Unintentional weight loss or gain over the past year was added to the symptom’s list.
40 items rank how disease symptoms affect patients’ daily life
Frequency is marked by responses ranging from “never,” “rarely,” and “sometimes,” to “often,” and “always,” while severity measures are marked by “not applicable,” “mild,” “moderate,” and “severe.”
The 40 impact-specific items focus on physical function, such as balance, motor function, activities of daily living, social life, mental health, and work and productivity. Answered on a five-point scale, responses range from “not at all,” “a little,” and “some,” to “a lot,” and “completely; I cannot do it at all” or “extremely.”

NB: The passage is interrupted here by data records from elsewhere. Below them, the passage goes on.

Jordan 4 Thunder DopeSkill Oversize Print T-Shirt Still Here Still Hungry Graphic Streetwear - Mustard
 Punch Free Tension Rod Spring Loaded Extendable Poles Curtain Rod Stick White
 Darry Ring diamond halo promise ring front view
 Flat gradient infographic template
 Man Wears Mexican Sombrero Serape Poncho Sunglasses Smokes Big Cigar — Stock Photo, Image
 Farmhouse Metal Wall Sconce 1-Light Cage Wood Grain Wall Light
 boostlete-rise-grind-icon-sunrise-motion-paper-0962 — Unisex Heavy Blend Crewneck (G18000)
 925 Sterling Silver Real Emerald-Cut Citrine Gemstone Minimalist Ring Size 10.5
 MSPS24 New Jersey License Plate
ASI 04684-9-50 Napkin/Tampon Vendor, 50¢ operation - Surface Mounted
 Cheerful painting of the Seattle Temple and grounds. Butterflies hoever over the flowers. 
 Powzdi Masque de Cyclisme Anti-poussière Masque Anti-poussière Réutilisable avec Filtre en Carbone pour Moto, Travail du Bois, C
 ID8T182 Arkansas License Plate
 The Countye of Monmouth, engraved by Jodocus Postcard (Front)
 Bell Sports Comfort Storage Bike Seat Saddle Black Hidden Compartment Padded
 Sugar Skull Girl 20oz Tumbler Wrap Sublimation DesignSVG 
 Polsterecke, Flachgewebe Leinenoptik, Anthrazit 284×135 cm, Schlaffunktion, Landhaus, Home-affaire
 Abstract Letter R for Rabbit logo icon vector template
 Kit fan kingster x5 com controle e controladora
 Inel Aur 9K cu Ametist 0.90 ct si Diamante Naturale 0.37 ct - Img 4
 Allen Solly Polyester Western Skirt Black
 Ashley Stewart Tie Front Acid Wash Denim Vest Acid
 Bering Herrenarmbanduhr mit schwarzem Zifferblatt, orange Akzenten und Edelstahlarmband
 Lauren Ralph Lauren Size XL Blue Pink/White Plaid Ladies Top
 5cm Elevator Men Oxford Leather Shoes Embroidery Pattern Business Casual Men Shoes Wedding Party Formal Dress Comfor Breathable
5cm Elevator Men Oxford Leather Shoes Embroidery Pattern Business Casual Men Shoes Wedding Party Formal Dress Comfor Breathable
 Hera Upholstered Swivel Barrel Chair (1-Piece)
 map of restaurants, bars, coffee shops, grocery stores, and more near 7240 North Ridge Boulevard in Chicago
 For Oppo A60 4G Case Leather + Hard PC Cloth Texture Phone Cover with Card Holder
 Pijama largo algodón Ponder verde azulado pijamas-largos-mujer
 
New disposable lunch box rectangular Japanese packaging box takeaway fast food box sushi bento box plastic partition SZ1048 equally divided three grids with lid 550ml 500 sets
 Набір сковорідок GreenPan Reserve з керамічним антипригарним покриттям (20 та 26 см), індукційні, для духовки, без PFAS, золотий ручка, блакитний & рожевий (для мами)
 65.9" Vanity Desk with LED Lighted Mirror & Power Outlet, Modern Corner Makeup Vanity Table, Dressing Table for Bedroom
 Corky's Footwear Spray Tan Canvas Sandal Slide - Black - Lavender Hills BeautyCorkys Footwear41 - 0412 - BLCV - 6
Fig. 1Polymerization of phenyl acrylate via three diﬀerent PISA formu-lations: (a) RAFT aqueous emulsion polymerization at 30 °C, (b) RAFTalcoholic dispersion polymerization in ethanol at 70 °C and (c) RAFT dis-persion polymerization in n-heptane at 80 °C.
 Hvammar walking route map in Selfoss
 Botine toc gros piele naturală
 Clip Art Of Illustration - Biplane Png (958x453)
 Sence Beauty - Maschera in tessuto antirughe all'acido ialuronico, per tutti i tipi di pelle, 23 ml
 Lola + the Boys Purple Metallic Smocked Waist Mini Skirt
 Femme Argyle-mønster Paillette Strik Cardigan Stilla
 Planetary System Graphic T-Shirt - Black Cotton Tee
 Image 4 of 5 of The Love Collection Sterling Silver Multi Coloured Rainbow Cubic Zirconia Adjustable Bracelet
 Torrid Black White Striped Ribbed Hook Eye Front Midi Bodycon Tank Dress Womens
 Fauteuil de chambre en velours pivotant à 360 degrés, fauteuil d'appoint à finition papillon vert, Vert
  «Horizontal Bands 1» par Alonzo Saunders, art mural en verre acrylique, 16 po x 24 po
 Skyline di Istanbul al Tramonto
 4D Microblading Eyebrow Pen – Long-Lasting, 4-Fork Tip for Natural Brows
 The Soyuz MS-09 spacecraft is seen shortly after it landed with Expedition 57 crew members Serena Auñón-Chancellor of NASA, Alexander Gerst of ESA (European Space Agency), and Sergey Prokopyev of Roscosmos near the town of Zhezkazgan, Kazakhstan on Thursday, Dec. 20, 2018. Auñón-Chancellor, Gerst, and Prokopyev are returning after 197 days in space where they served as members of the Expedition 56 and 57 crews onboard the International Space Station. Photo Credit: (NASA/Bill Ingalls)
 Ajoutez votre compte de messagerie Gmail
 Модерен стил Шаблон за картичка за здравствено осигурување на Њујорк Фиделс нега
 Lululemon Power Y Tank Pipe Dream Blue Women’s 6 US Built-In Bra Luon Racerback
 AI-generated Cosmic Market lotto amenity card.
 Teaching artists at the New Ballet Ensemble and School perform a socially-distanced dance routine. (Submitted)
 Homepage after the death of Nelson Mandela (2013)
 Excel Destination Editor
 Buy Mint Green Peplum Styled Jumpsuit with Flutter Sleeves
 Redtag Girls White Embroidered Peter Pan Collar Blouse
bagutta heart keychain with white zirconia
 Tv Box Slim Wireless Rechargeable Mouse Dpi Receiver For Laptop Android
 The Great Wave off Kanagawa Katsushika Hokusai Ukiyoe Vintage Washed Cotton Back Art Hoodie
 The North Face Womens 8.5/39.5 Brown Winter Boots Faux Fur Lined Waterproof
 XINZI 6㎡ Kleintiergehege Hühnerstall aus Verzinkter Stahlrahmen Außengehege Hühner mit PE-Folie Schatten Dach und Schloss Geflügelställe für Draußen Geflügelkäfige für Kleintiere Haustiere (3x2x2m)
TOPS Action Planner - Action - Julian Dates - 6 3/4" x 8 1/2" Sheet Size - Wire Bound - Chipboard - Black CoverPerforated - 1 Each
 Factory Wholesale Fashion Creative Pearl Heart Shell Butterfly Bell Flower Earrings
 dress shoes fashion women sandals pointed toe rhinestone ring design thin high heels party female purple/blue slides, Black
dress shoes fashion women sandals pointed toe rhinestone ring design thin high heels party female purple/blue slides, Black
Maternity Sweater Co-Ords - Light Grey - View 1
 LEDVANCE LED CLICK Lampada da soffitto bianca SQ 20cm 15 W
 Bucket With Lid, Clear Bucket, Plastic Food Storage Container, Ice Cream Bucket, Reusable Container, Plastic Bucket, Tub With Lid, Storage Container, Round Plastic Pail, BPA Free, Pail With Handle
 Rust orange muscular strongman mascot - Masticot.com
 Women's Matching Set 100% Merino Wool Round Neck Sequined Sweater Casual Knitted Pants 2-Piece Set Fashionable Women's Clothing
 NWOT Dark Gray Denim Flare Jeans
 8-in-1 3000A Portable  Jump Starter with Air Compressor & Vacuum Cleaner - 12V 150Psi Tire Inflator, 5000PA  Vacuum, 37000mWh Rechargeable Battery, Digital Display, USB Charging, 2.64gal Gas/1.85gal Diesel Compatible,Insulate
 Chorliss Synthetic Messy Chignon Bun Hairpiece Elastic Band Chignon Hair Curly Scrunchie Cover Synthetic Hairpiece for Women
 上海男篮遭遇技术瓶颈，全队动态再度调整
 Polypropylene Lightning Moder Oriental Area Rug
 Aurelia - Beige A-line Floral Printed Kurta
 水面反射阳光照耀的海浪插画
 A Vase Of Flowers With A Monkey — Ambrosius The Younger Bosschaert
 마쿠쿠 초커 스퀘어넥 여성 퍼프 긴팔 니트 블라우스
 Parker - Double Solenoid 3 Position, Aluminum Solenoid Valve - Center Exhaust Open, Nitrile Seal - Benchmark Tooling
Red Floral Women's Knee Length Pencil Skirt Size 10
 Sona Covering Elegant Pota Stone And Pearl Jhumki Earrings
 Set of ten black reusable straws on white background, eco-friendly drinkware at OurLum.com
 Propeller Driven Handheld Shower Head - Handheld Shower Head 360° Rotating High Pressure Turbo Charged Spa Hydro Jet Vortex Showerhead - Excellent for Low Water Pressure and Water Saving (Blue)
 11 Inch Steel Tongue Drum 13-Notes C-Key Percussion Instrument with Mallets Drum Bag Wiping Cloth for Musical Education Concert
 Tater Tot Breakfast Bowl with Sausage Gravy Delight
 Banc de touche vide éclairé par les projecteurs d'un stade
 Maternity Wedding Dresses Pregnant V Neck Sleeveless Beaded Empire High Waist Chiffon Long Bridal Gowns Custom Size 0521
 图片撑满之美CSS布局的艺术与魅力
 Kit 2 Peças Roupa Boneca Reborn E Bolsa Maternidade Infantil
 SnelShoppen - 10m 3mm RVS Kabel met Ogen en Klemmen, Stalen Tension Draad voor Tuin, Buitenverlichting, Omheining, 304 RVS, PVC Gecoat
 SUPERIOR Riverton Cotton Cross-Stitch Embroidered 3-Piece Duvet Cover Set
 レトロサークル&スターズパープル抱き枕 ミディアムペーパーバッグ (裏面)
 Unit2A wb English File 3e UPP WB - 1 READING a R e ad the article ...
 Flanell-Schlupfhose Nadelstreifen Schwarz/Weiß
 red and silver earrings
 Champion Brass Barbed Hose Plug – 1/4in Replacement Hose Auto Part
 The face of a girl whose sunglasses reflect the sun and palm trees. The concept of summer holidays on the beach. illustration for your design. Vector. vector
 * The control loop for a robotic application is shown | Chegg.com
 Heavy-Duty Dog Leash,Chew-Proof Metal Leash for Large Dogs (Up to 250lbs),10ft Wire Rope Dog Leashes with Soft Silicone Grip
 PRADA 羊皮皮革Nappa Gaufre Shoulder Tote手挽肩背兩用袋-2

Finally, based on the administrator’s discretion, two optional items ask patients to identify their ATTR subtype and whether they had any of 11 common co-existing medical conditions (comorbidities).
“The ATTR-QOL, developed and refined based on expert and patient feedback, represents an important step forward in patient-centered care and research in ATTR,” the researchers wrote.
The questionnaire “will undergo psychometric testing with a large group of patients with ATTR (hATTR and ATTRwt) to further refine the measure,” they added.